By August 2013, if not earlier, Levin recognized that she did not possess the necessary expertise to express an opinion on the ordinance or regulations: "The deeper I get into the Rent Stabilization Program assessment I realize how technical the issues are. I want to make sure that you are aware that the document I produce will not opinion [sic] on the ordinance or related regulations other than to comment on their complexity (as we discussed when we meet [sic] recently)."

A key issue in the review should have been whether there was merit to EQR's criticism of the Rent Stabilization Administrator's handling of petitions. Lamont's emails to the City Manager, as well as her letter to the City Council after release of Levin review, provide a detailed analysis of why EQR is incorrect in its assertions and is simply seeking to skirt its obligations as a landlord regulated under the law. To evaluate the landlord complaints, one must have (or consult with someone who has) expertise on the ordinance and applicable regulations. In response, Gonzalez wrote, "Yes, understood about the ordinance and reg's [sic]. You may want to say that they are very complex as compared to other's [sic] which makes it difficult to manage." At no point does Gonzalez offer to involve any neutral person who can help the reviewer sort out the details of the ordinance which are critical to any meaningful review.

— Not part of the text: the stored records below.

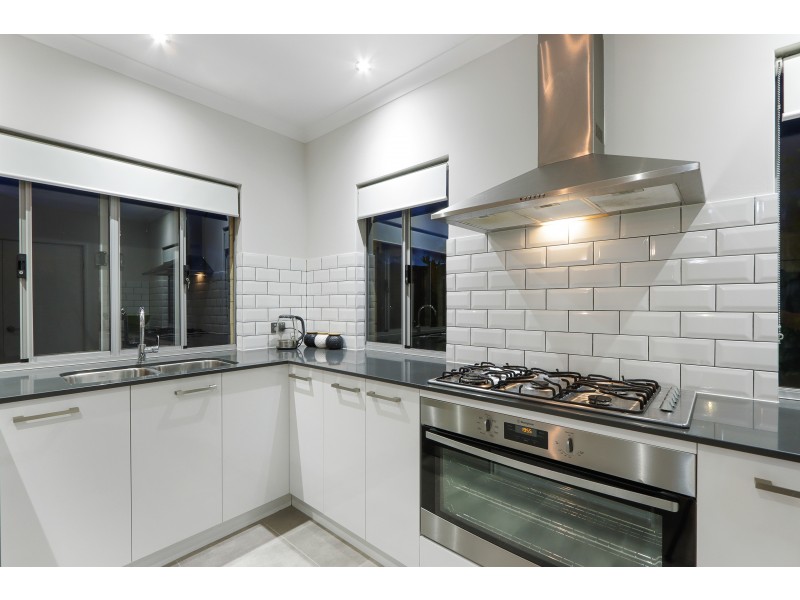 46 Doryanthes Avenue, Piara Waters WA 6112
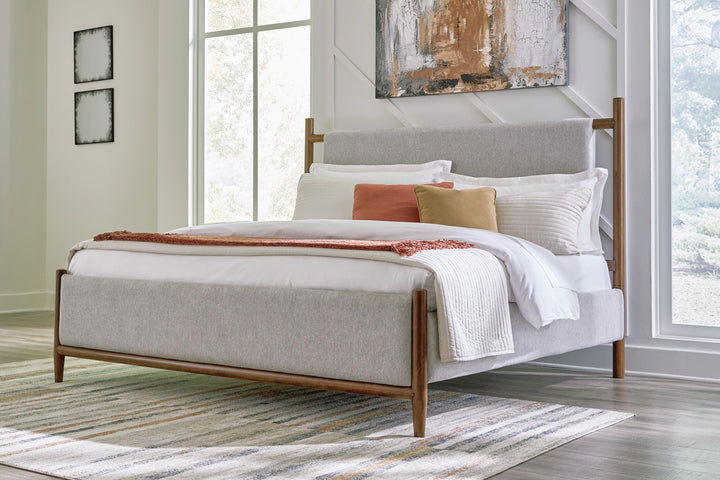Lyncott King Upholstered Bed - Dark Brown (2)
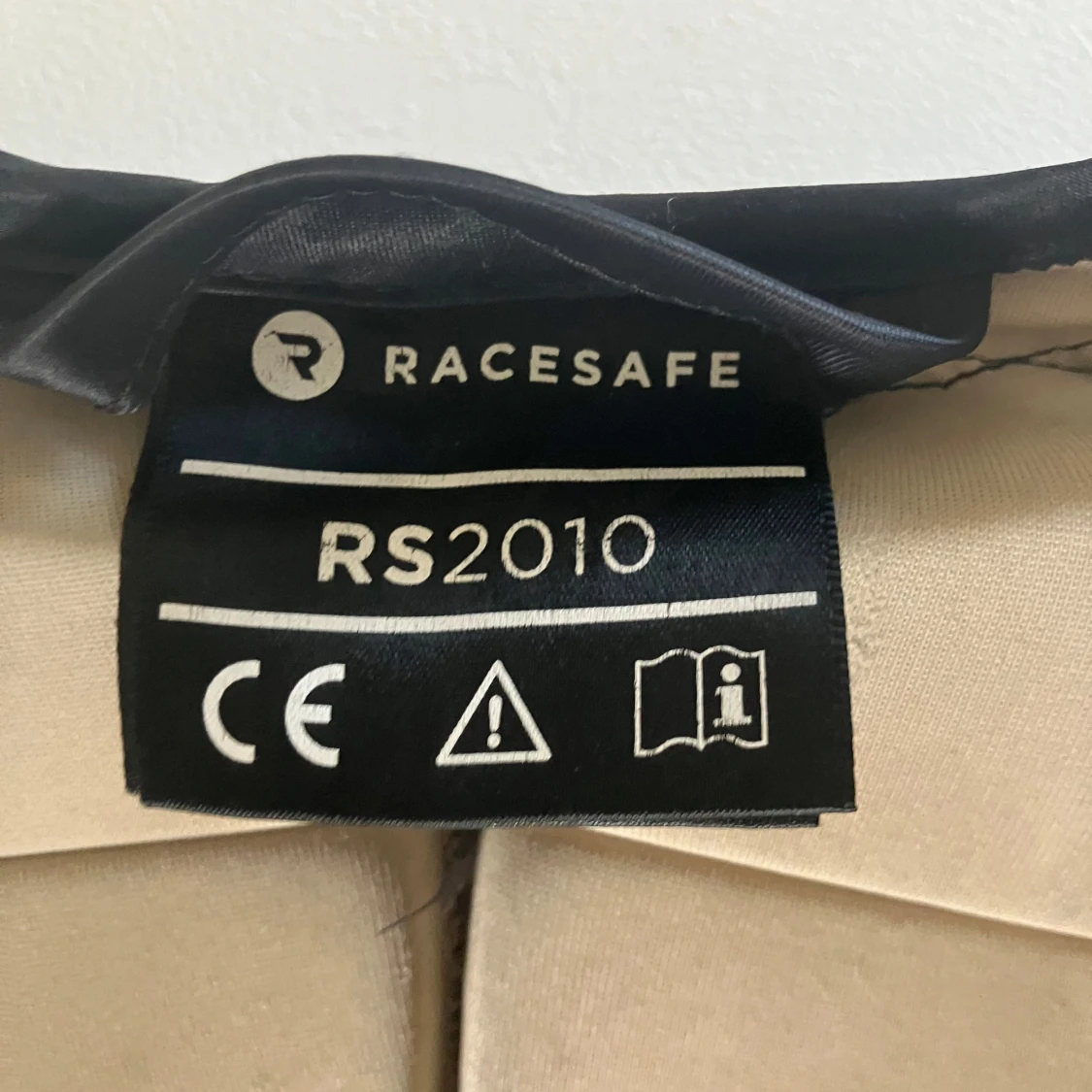 Svart skyddsväst - 3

A recurring problem with Gonzalez's approach to EQR in email correspondence, as with the approach taken in the Levin review, is the assumption that just because EQR complains of something, it must be true, rather than taking the time to analyze the facts. EQR's complaints are simply repeated in the Levin review without analysis.

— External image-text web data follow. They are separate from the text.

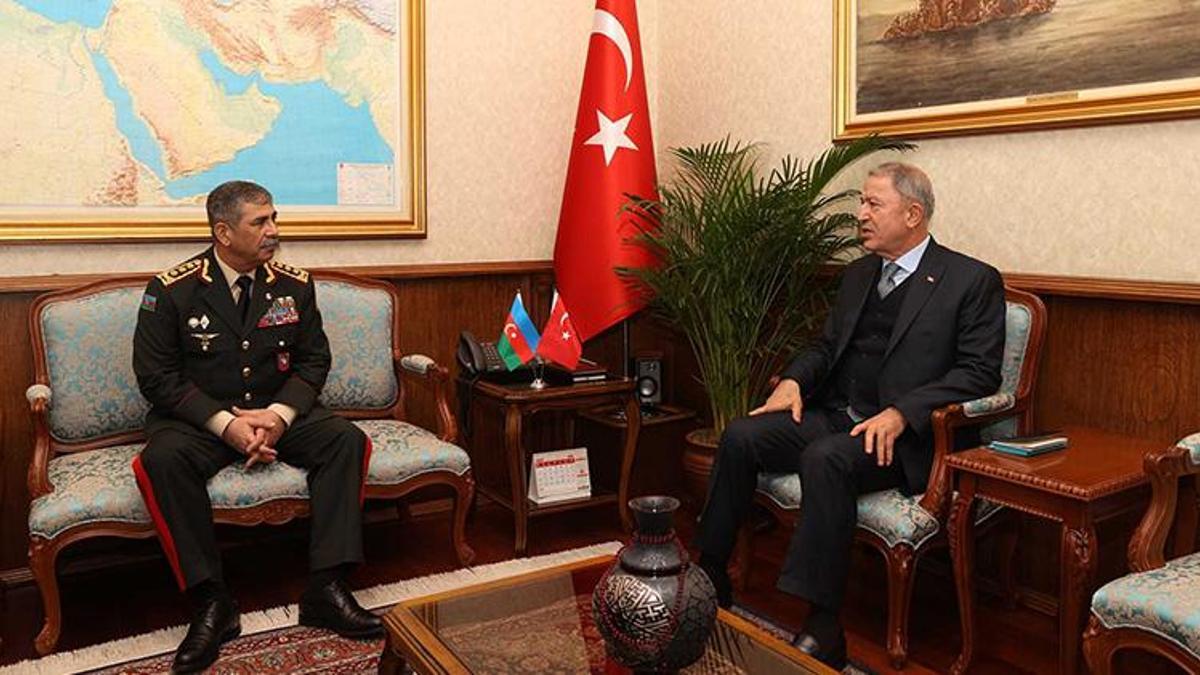Bakan Akar, Azerbaycan Savunma Bakanı Hasanov ile görüştü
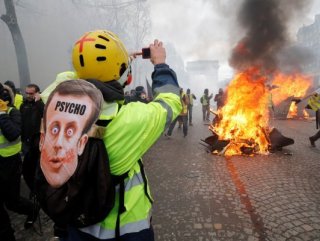 France marks 1st anniversary of Yellow Vests protest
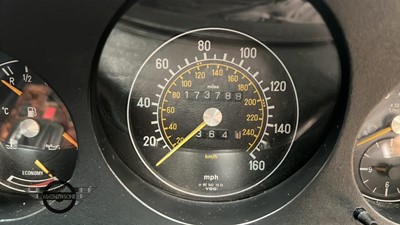 Lot 569 - 1984 MERCEDES 380 SL AUTO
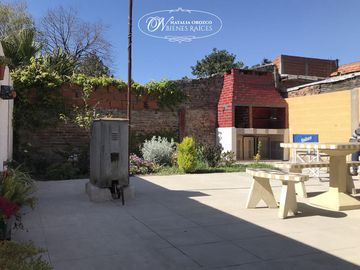 Casa en venta- Jose Clemente Paz- 5 ambientes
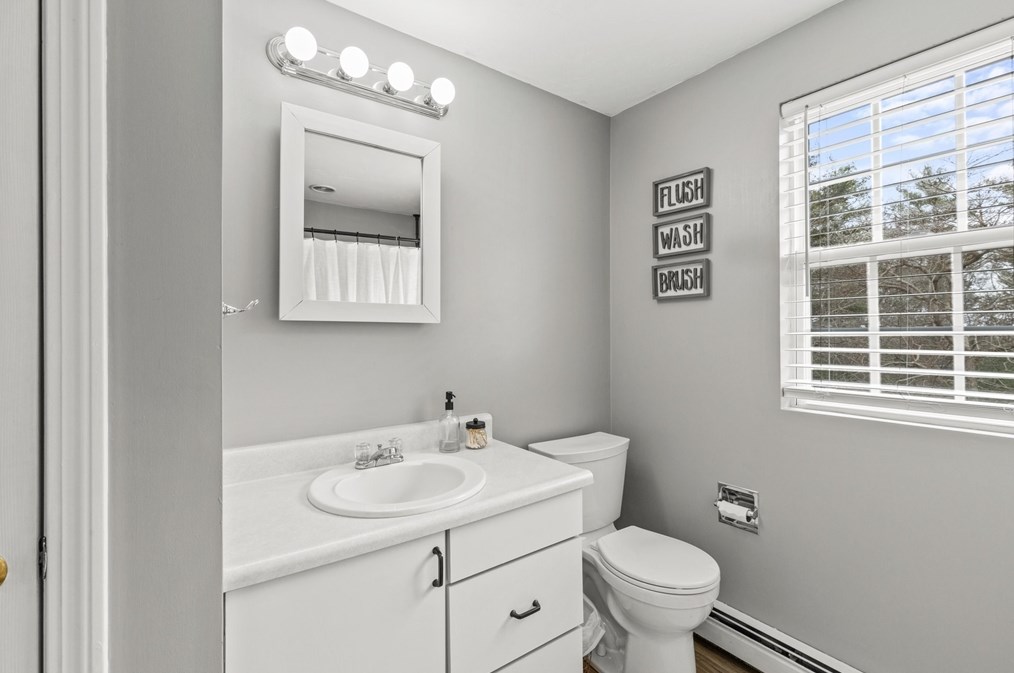 109 Alewife Rd, Plymouth MA  02360-2225 exterior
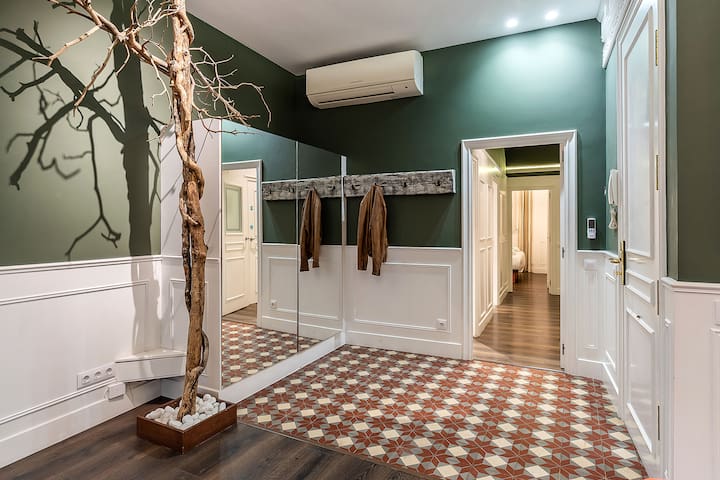 Deluxe Apartment by Tallers EnjoyBCN Apartments gallery image 3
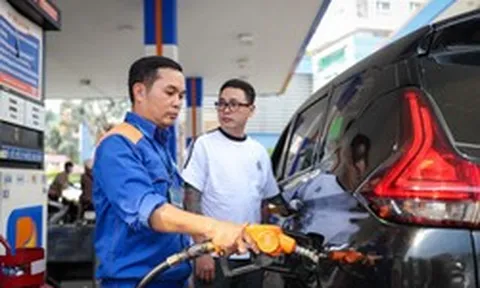 Giảm thuế nhập khẩu xăng dầu về 0%: Cú hích tài khóa hạ nhiệt thị trường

No Effort to Include Tenant Voice in the Review 

Nadine Levin informed Gonzalez in her email on July 10, 2013 that she only planned to interview two landlords, Chris Peter and John Hyjer with Equity Residential and Auria Malenasaleki with Housing Network, owner of 82 apartments at 1735 Woodland. The only tenant that Levin reports that she had interviewed is Shyree Randolph, who was interviewed (for 5 minutes, according to Randolph) as a member of the Rent Board. Levin states in her email "I don't have plans to meet with any other landlords or tenants. Do you feel for the sake or perceived validity to my review that I should meet with any additional tenants?" In response, Gonzales wrote, "I do not know who we would contact or how to locate i.e. someone who we already know was happy with outcome or not." The response suggests that rather than get a representative sampling, Gonzalez was interested in handpicking tenants to be interviewed based on their approval or disapproval of the program, but not sure how to find them. Regardless of selection process, she did not insist that tenants be interviewed. As a result, the lengthy review did not feature comments from tenants regarding their experience with a program designed to protect them from high rents and unfair evictions.

Tenants Together is deeply disappointed that an issue of such importance - rent control in East Palo Alto - was reviewed in such a superficial and misleading way. The fact that the City Manager wrote to the author that she was "pleased with the report," as well as the other circumstances described above, strongly suggests that City Manager Gonzalez's ongoing control of the rent stabilization program poses a serious threat to tenants in East Palo Alto.